--On Wednesday, November 6, 2002 2:58 PM +1100 Peter Donald
<peter@apache.org> wrote:
> In cases where the cost of fixing is higher than detailed
> explanation then the patches get rejected.
I would prefer to push back on contributors in most cases. There's a
threshold though. If it's relatively minor, I will just fix it up.
> Agree with that. We aren't talking about committers here though. We
> are talking about developers in wide world who submit code via
> patches to mailing list or bugzilla.
<quote="Nicola">
> A trick that seasoned committers do on new committers is to change
> their first commits and work on them, to show that the code is of
> everyone. If they complain, it's time for a nice and bold
> explanation.
</quote>
Nicola seems to be talking specifically about committers not
contributors (people without commit). Your earlier statement led me
to believe that you agree with Nicola and think that's a good
practice. It seems you don't necessarily agree. =)
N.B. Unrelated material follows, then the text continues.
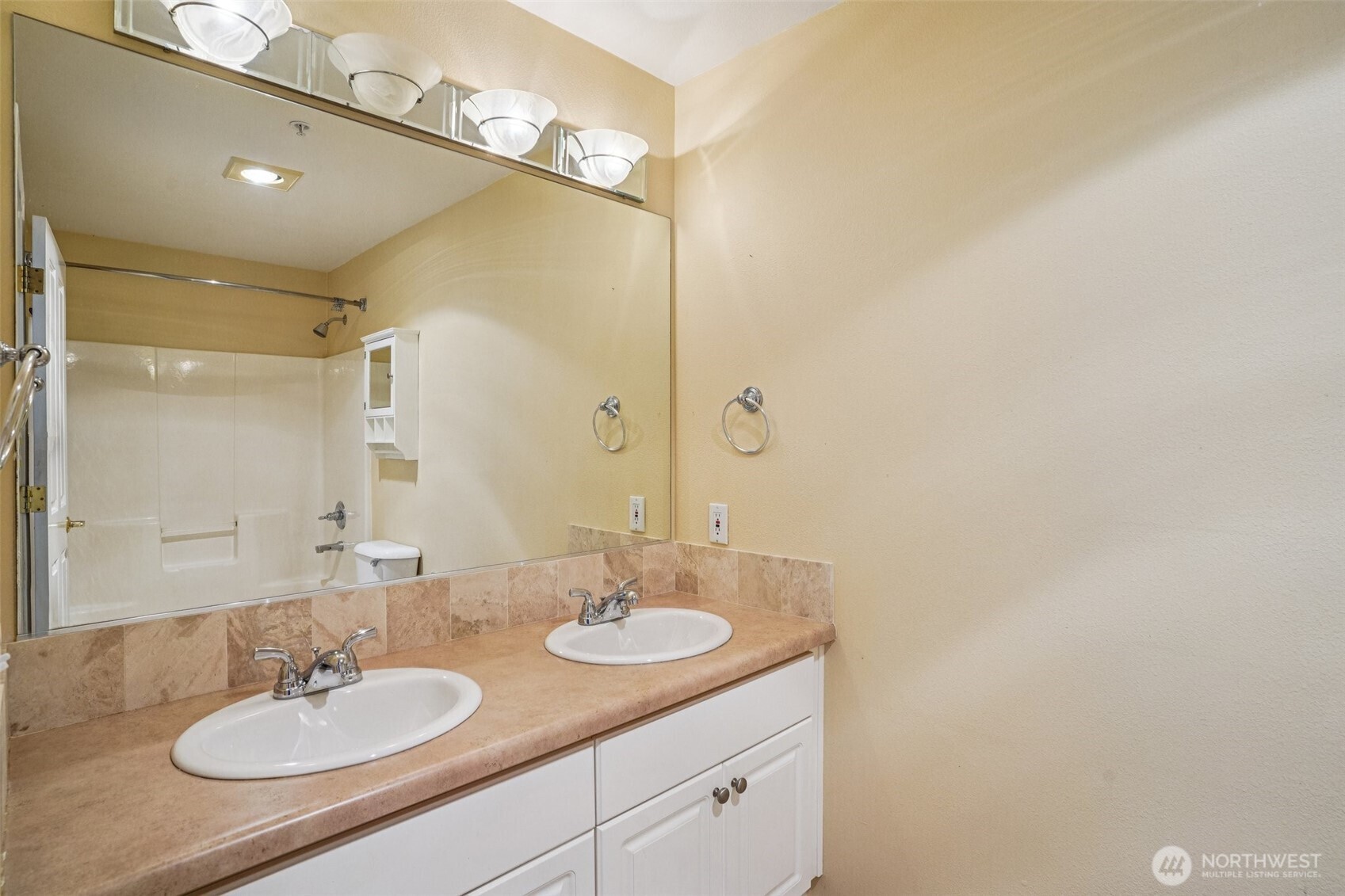 12034 15th Avenue NE Unit: 204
For contributors, you can tweak their patches slightly, but I would
strongly discourage doing that for committers. To me, that is
extremely suspect behavior. IMHO, committers should be aware of
policies *before* they become committers. And, they should be
trusted to respond to feedback.
> yanking doesn't happen.
FWIW, PHP has a low commit barrier and does yank. HTTP Server/APR do
have a higher barrier, so we're fairly certain that there won't be a
need to yank. Something in the middle may need to consider yanking
of commit privs especially if there is a pattern of bogus commits.